(Scraped caption text data)
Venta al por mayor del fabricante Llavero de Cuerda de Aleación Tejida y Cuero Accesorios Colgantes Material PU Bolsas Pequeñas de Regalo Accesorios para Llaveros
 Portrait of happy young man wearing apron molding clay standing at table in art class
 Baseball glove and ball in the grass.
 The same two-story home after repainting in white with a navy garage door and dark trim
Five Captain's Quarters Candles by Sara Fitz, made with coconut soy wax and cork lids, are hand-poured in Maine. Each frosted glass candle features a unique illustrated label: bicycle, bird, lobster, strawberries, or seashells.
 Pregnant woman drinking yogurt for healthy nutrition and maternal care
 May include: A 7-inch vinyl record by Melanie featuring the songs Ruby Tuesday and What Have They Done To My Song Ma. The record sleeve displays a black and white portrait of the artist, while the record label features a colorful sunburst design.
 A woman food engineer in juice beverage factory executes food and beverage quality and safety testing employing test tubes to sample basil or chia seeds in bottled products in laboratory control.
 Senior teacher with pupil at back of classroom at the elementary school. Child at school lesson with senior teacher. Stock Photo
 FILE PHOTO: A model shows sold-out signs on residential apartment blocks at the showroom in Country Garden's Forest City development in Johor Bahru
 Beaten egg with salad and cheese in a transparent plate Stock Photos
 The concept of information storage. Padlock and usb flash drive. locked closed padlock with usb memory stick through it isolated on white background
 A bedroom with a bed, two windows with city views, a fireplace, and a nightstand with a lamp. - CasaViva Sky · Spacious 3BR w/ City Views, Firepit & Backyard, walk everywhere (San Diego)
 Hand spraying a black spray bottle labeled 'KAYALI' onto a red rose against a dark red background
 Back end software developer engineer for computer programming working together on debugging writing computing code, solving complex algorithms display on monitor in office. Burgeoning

(Problem to solve):
For this exercise, repeat exactly the lines of the data above from the one with "Portrait of happy" down to the one with "The same two-story", both end lines included.

(Response to this task):
 Portrait of happy young man wearing apron molding clay standing at table in art class
 Baseball glove and ball in the grass.
 The same two-story home after repainting in white with a navy garage door and dark trim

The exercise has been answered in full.